Confiram a matéria da Revista O Globo...

Maçonaria de portas abertas
A noite é de gala no templo nobre do Palácio Maçônico, na Rua do Lavradio. Todos se levantam quando o grão-mestre surge na porta principal vestido com seu avental azul cheio de detalhes em dourado. Atrás dele, como numa procissão, aparecem outras autoridades, enquanto dos alto-falantes sai uma música medieval, trilha perfeita para o filme “Coração valente”. Parece que vai começar mais uma sessão secreta da maçonaria, mas dessa vez a figura central pertence ao mundo profano.
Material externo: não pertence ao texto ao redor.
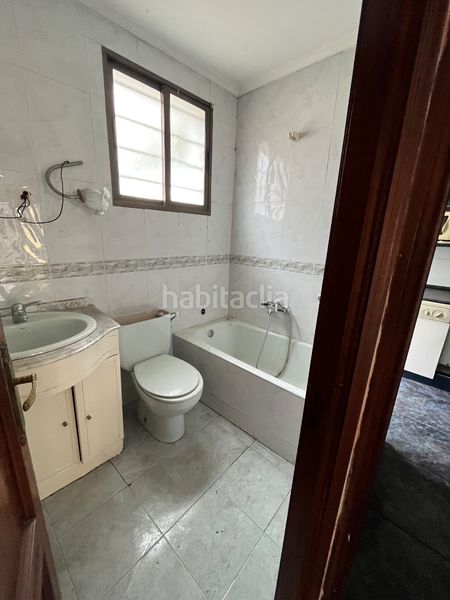 Foto 83dd5a18-ce73-4bf4-8e0e-9595cdd58780. Casa aparellada a Las Viñas Santurtzi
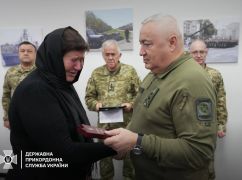 Рідним загиблих на Харківщині прикордонників вручили державні нагороди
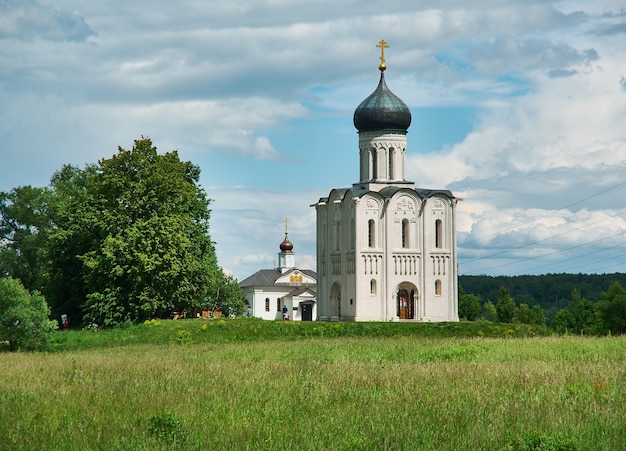 Iglesia de la Santísima Virgen en el río Nerl, Bogolyubovo, Rusia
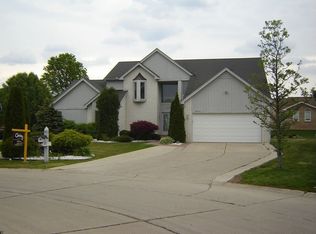 29751 Wertham Ct, Farmington Hills, MI 48331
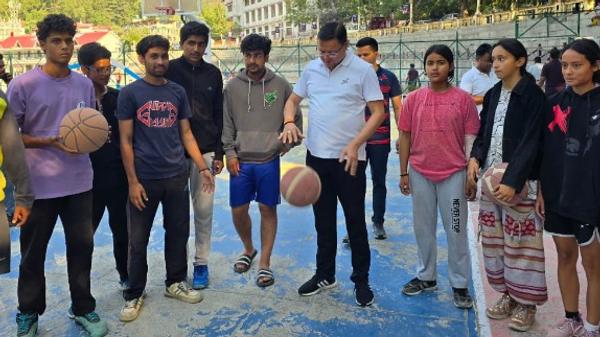CM धामी फुटबॉल खेलते दिखे, बच्चों से खेल के बारे में की बातचीत; स्थानीय लोगों और पर्यटकों से भी मिले - Republic Bharat
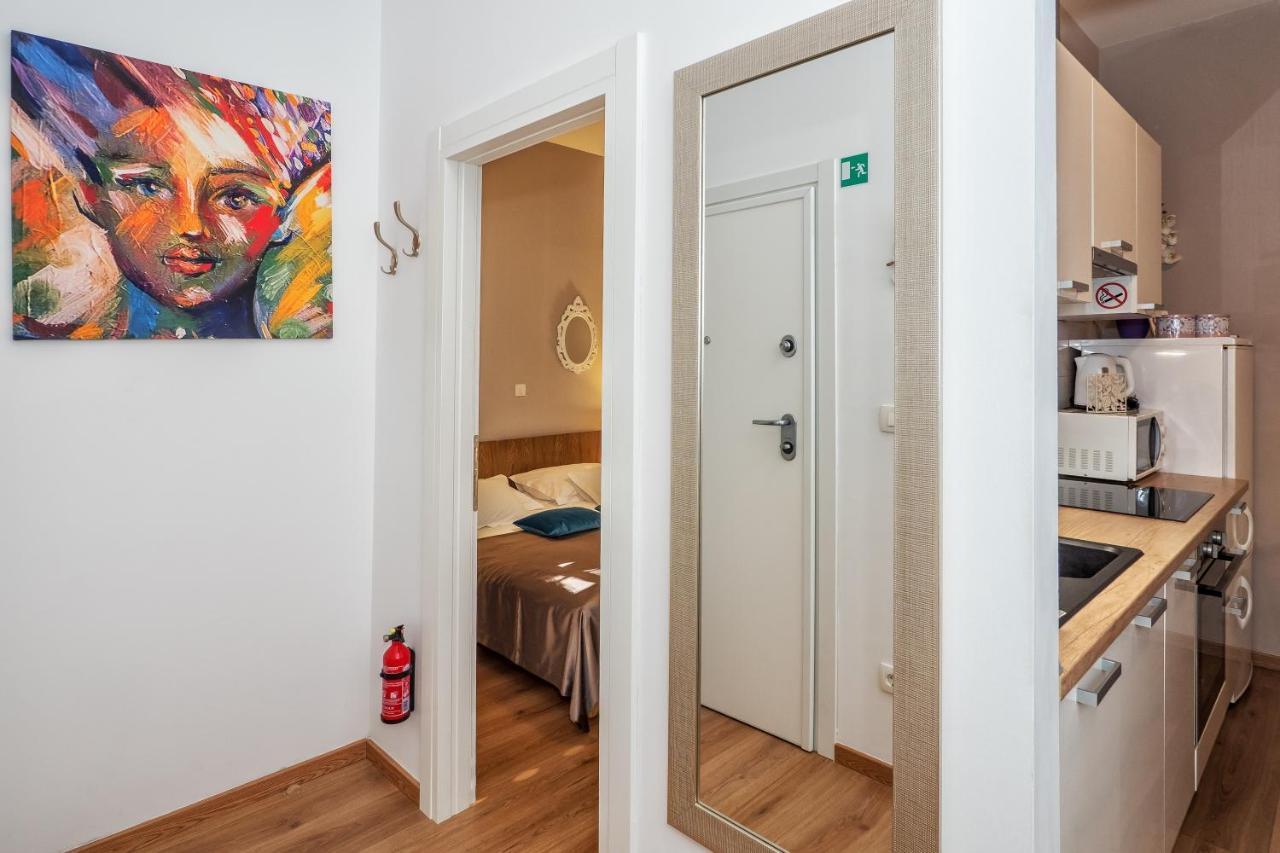 Apartment Queen Teuta In The Heart Of Split Historical Heritage 外观 照片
É um candidato à prefeitura do Rio. Político nas duas definições da palavra, antes de entrar ele pede uma gravata preta emprestada para não destoar do traje obrigatório dos maçons. Mesmo assim, parece pouco à vontade diante de tantas formalidades. 
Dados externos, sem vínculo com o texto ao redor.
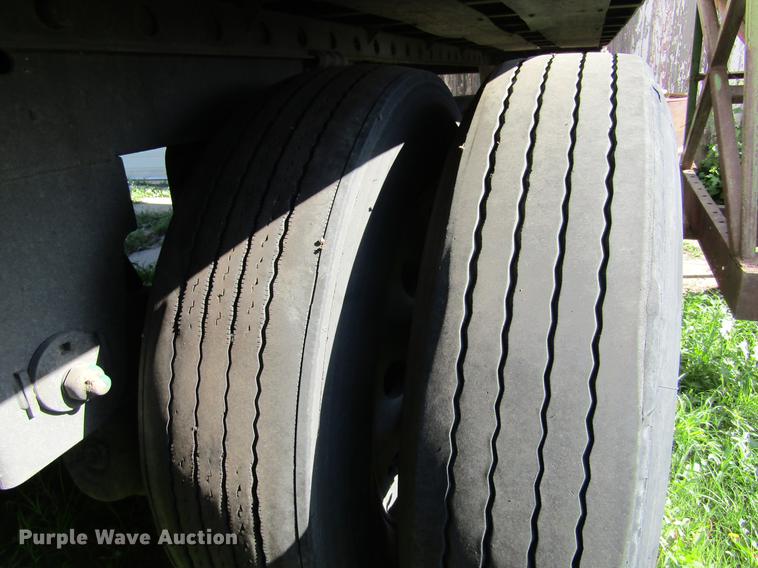 image for item DD5682 2006 Utility 3000R refrigerated van trailer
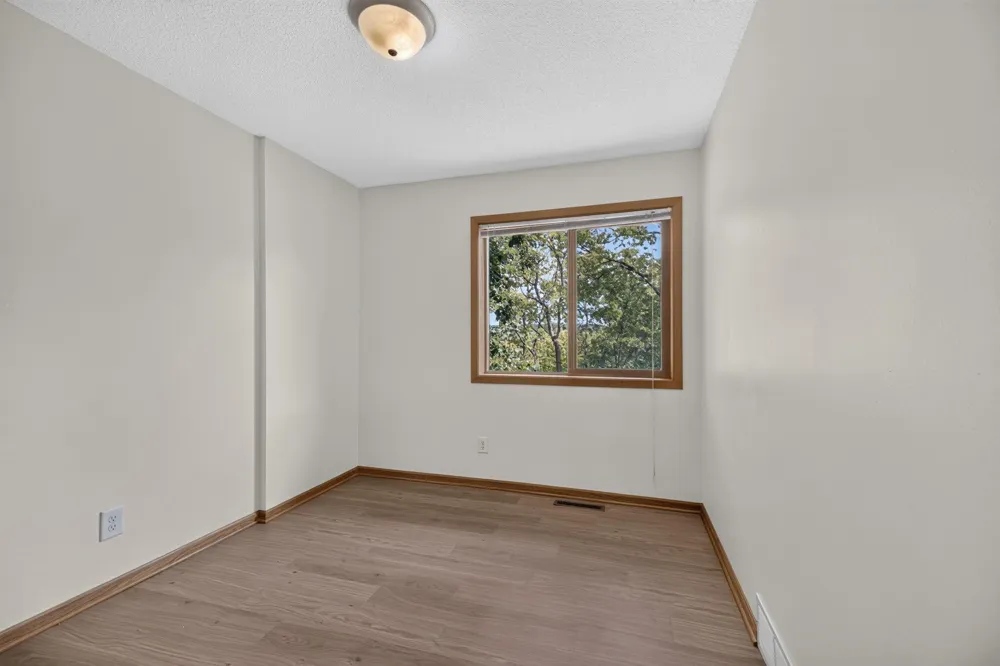6463 Delilah Avenue Inver Grove Heights, MN 55076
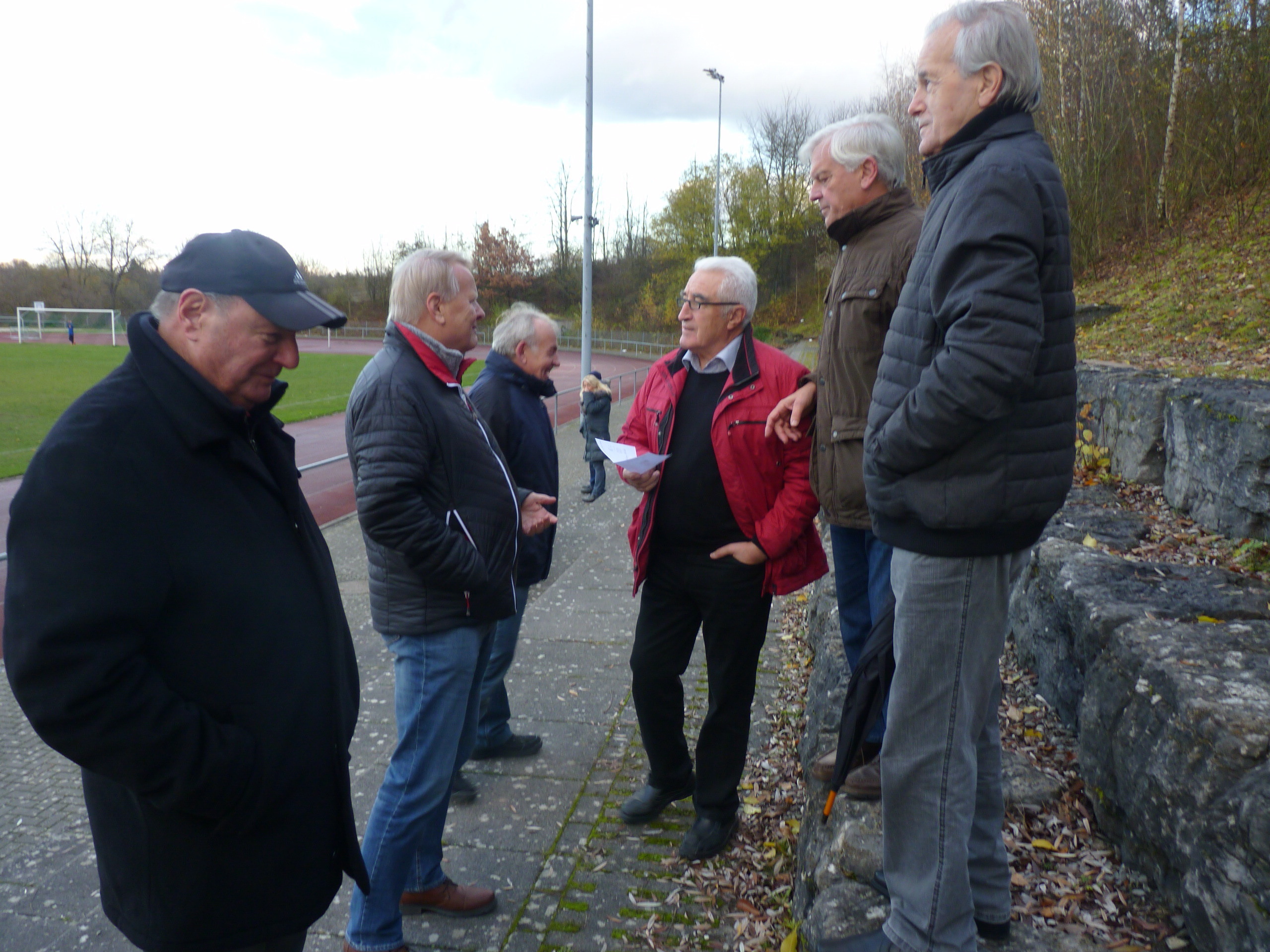 Die VfB Experten suchen nach dem Spiel bei einer Besprechung die Gründe für die Niederlage.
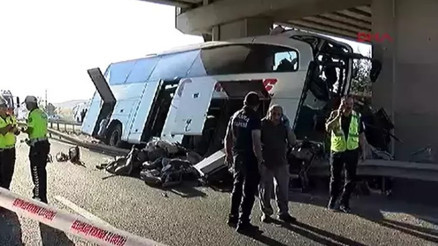 Ankara Polatlı’da yolcu otobüsü üst geçide çarptı: Ölü ve yaralılar var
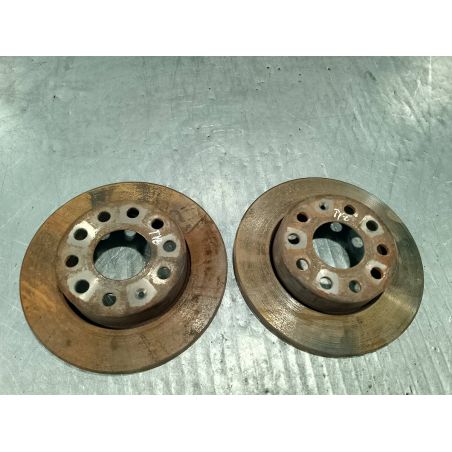 TARCZE HAMULCOWE TYŁ VW GOLF V 1.9 TDI 2008 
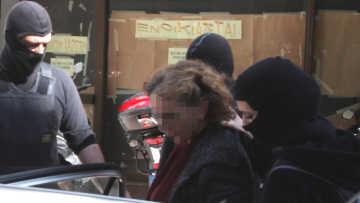 Αθηνά Τσάκαλου: «Δεν φεύγω από τον Κορυδαλλό αν δεν αποφυλακιστεί η σύντροφος του γιου μου»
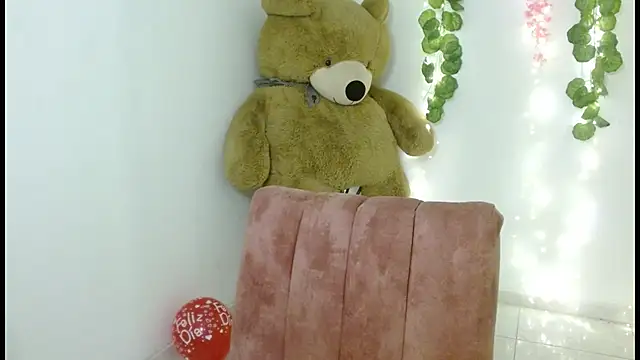 lucy1609 online show from 09.25.25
Era o quinto compromisso do candidato naquele dia, embora este não constasse da agenda oficial. O encontro foi discreto, bem ao estilo dos maçons. Depois de uma exaustiva carreata no Engenho Novo, ele foi vender seu peixe na sede carioca do Grande Oriente Brasileiro (GOB), o mais antigo grupo maçônico do país. Mais que um evento político, sua presença ali expõe o despertar silencioso da mais famosa irmandade secreta do mundo. Protagonistas nos principais fatos históricos do Brasil, entre eles as proclamações da Independência e da República, os maçons querem voltar a participar da vida política e dos grandes temas nacionais. Além de ouvir candidatos a prefeito, eles estão a pleno vapor numa campanha pela soberania brasileira na Amazônia, pela cota de negros nas universidades e já se manifestaram oficialmente em questões como a do mensalão e a da Reserva Indígena da Raposa do Sol. 

— Passamos um bom tempo hibernando, voltados para dentro, mas agora despertamos de novo para o mundo exterior. Não aceitamos os desmandos e a desonestidade de certos setores do poder público — afirma o grão-mestre do GOB-RJ, Eduardo Gomes de Souza. 

Antes do primeiro turno da eleição, o GOB recebeu em seu palácio três candidatos a prefeito e um a vice. Todos assinaram um documento se comprometendo a chamar maçons para compor conselhos que vão assessorar as secretarias municipais. Na próxima semana, uma reunião interna vai escolher quem será o candidato indicado pela instituição, Eduardo Paes ou Fernando Gabeira. Com 30 anos dedicados à ordem, nem o eminente grão-mestre, como é chamado com respeito pelos irmãos, lembra a última vez em que isso aconteceu. Mas ninguém está atrás de cargos remunerados, garante o coordenador político-parlamentar do GOB, deputado estadual André Corrêa (PPS): 

— Nunca precisamos de dinheiro do Estado. Queremos apenas oferecer os serviços dos nossos irmãos a governantes que comunguem dos princípios da maçonaria. 

Os princípio básicos da maçonaria — pelo menos os conhecidos — são igualdade, liberdade e fraternidade, os mesmos da Revolução Francesa. Guiada por eles, a ordem já apoiou no Brasil movimentos tão díspares quanto o abolicionismo e o regime militar. De comum, ela manteve apenas a influência ao mesmo tempo decisiva e obscura nos rumos da nação. Ao longo do século passado, com o fortalecimento de outros representantes da sociedade, a maçonaria foi perdendo o protagonismo que agora só resiste em pequenas cidades, onde prefeitos ainda freqüentam gabinetes de grãos-mestres. 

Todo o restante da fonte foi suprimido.